In the LDS Church, Stone served as bishop of the Oakland 5th Ward and as president of the Oakland-Berkeley Stake from 1957 to 1967. He was head of the Oakland Regional Welfare Program and involved with coordination around the building of the Oakland Temple, including being appointed chairman of the fund-raising committee. From 1963 to 1967, he was chairman of the Oakland Temple District, which covered Oregon, Washington and Northern California. In 1966, he was appointed chairman of the Brigham Young University alumni gifts committee. In 1967, he became a regional representative. From 1968 to 1972 he served as the president of the Salt Lake Temple and was then called as an Assistant to the Quorum of the Twelve Apostles; he was also managing director of the church music department. He served as an Assistant to the Twelve until 1976, when the church eliminated the position and Stone became a member of the First Quorum of the Seventy.
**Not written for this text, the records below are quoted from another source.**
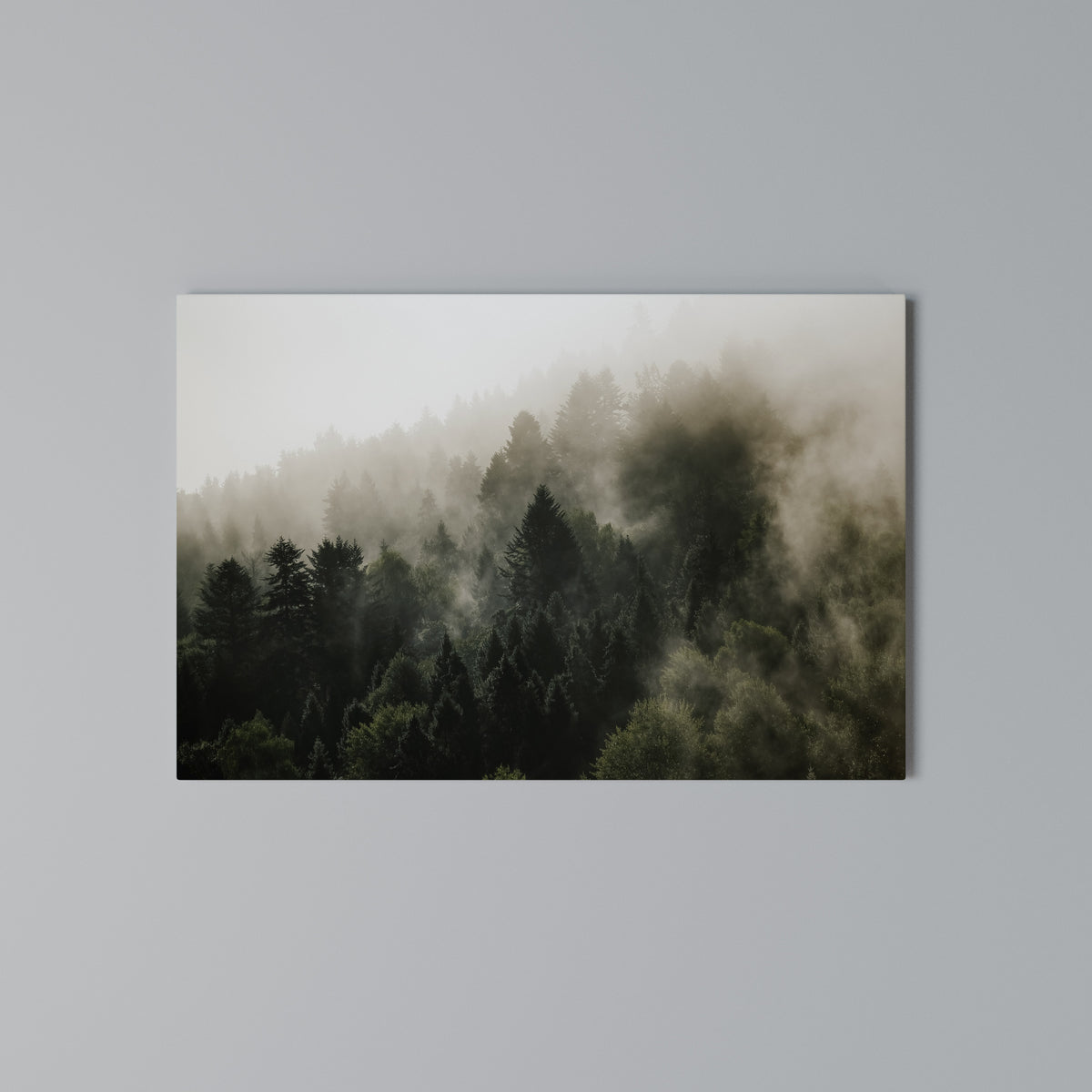 MISTY HIGHLANDS Horizontal Canvas Print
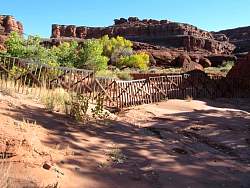 IMG_9094.jpg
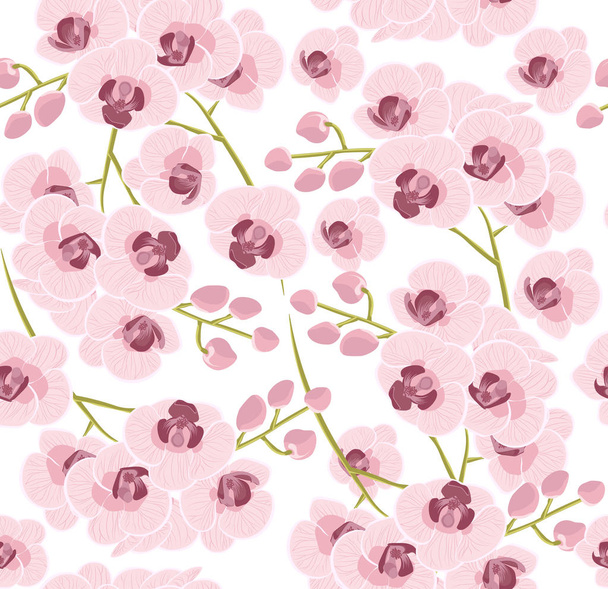 візерунок барвистих квітів орхідей Векторні ілюстрації. Стокові векторні зображення красивих рожевих квітів орхідей. яскравий фон
. - Вектор, зображення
In 1980, Stone was released from active duties and designated as an emeritus general authority. In 1986, he died at his home in Salt Lake City, Utah.

Stone and his wife, Dorothy, had four sons. Two died fairly young. His son, Ronald V. Stone, served as president of the Argentina North Mission based in Cordoba, while their other son, Thomas R. Stone, was president of the French Polynesia Mission.